══ Collected material ══

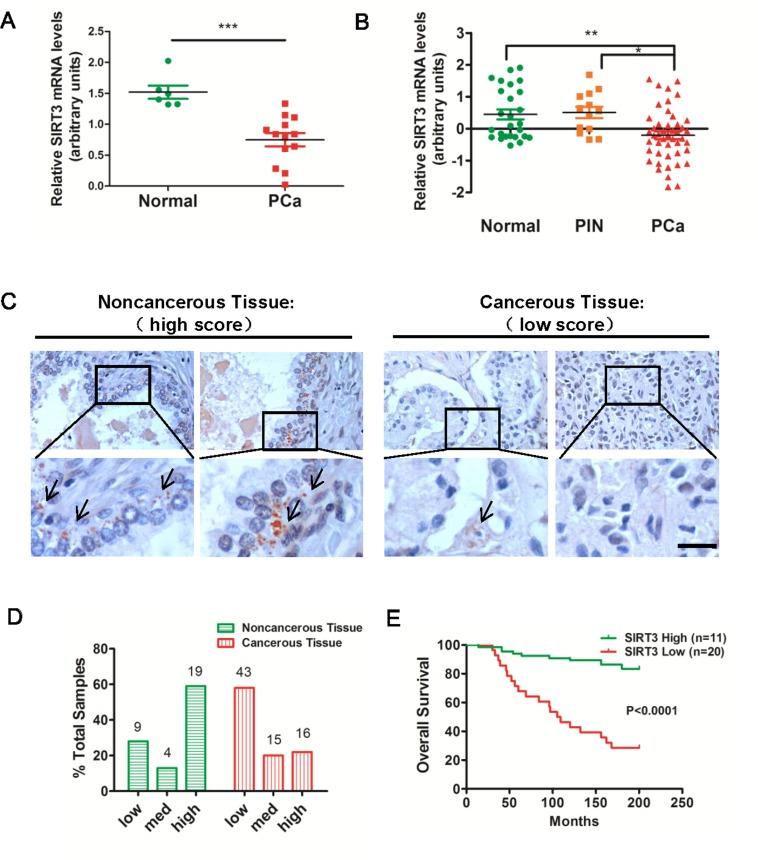 https://cdn.ncbi.nlm.nih.gov/pmc/blobs/74ab/4694917/cc0fe898df5d/oncotarget-06-26494-g001.jpg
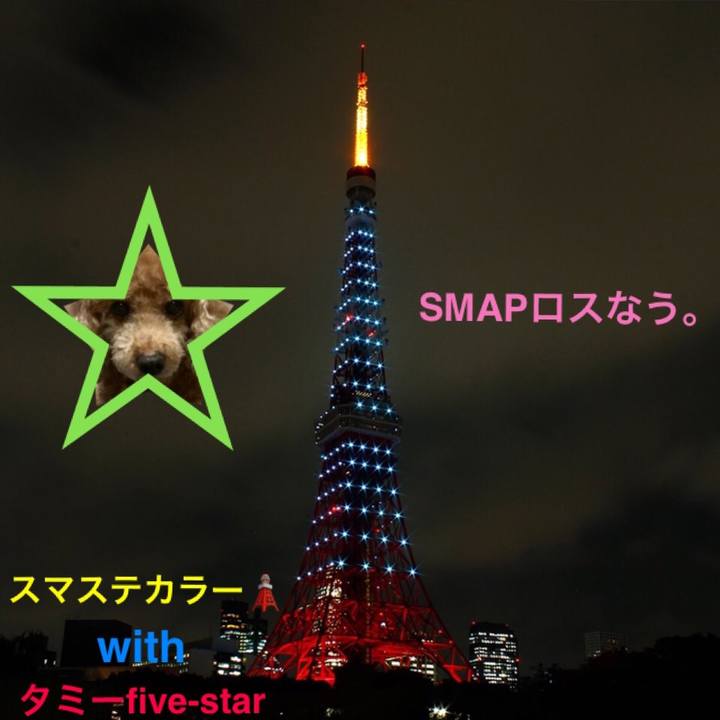 20b7cb88 f5c1 4cb6 ada4 cf0ebe5494f8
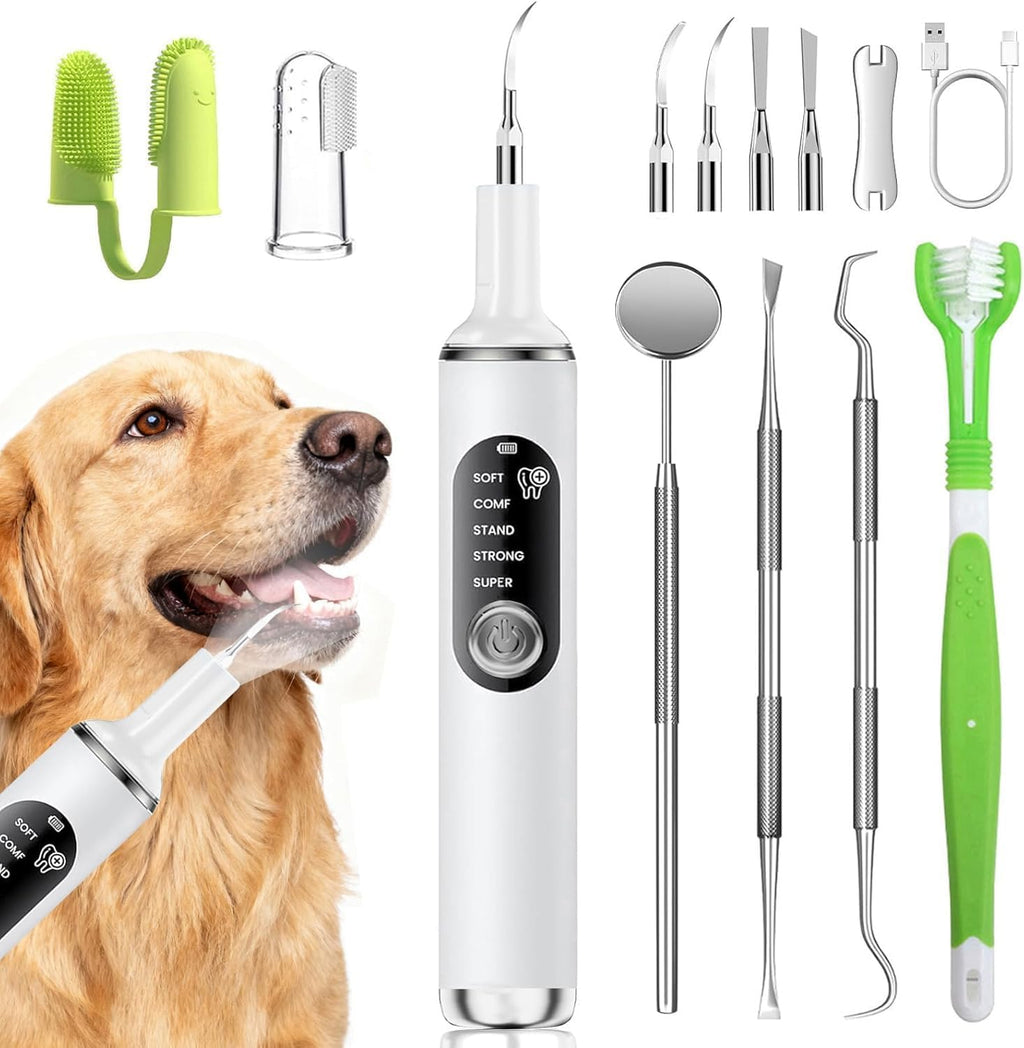 NOTA CONTIENE 10 ACCESORIOS Removedor de Placa PATWING para Dientes de Mascotas | Limpiador Dental con Luz LED | Kit para Sarro y Manchas | 5 Modos Ajustables | para Perros y Gatos | Blanco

═══

== About this exercise ==
Each line above must be set down exactly, though no picture should be carried over.

== Result for this exercise ==
 https://cdn.ncbi.nlm.nih.gov/pmc/blobs/74ab/4694917/cc0fe898df5d/oncotarget-06-26494-g001.jpg
 20b7cb88 f5c1 4cb6 ada4 cf0ebe5494f8
 NOTA CONTIENE 10 ACCESORIOS Removedor de Placa PATWING para Dientes de Mascotas | Limpiador Dental con Luz LED | Kit para Sarro y Manchas | 5 Modos Ajustables | para Perros y Gatos | Blanco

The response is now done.